Loudenvielle (/fr/; Lodenvièla) is a commune in the Hautes-Pyrénées department in south-western France. On 1 January 2016, the former commune Armenteule was merged into Loudenvielle.

Its inhabitants are called Loudenviellois.

Located in the Louron Valley, Loudenvielle is a popular tourist resort, with a lake, campsite, thermal spa and waterpark. It is also the closest town to the Peyragudes and Val-Louron ski resorts.

It is situated at the foot of the Col de Peyresourde and has hosted three stage finishes in the Tour de France, including the finish of Stage 15 in 2007.

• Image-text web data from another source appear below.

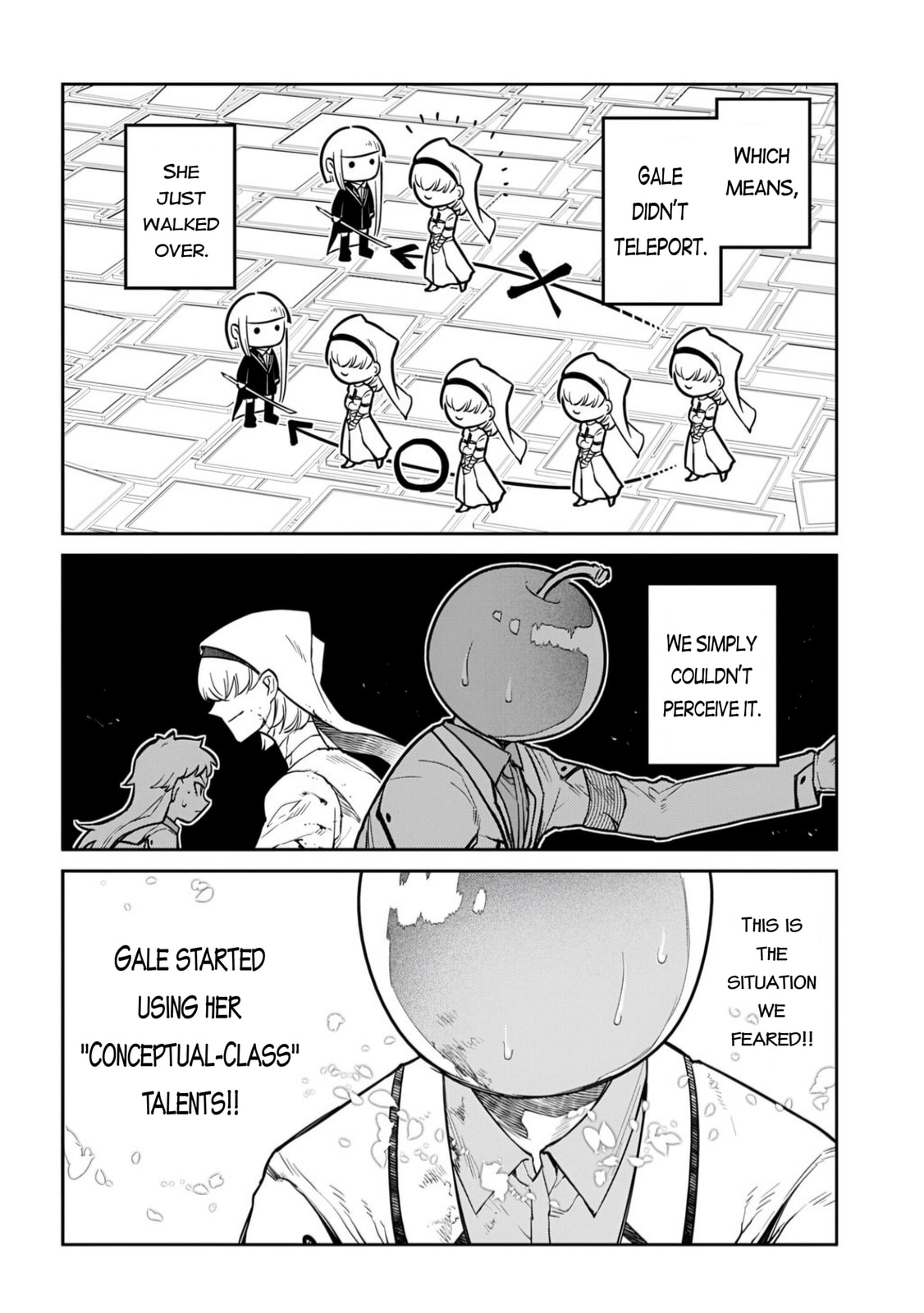 Petals of Reincarnation Chapter 117 page 8 - 
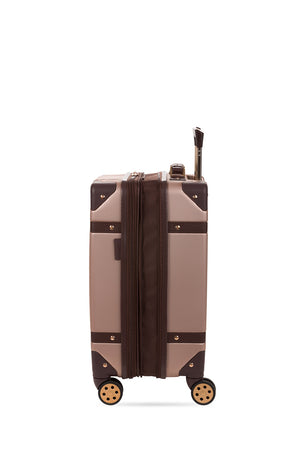 SWISSGEAR - Vintage Trunk Carry-On Spinner
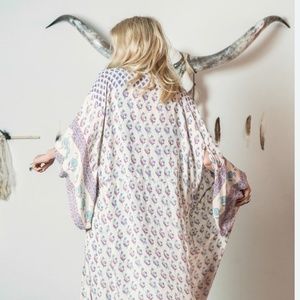 *Vintage* Spell Bohemian Royale Dusk Kimono - GUC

==Tour de France stage finishes==

| Year | Stage | Start of stage | Distance (km) | Stage winner | Yellow jersey |
|---|---|---|---|---|---|
| 2020 | 8 | Cazères-sur-Garonne | 141 | Nans Peters | Adam Yates |
| 2007 | 15 | Foix | 196 | Kim Kirchen | Michael Rasmussen |
| 2003 | 14 | Saint-Girons | 192 | Gilberto Simoni | Lance Armstrong |
| 1997 | 9 | Pau | 182 | Laurent Brochard | Cédric Vasseur |

In the 2007 tour, the original stage winner was Alexander Vinokourov, but in April 2008 the win was credited to Kim Kirchen following Vinokourov's failing a drug test.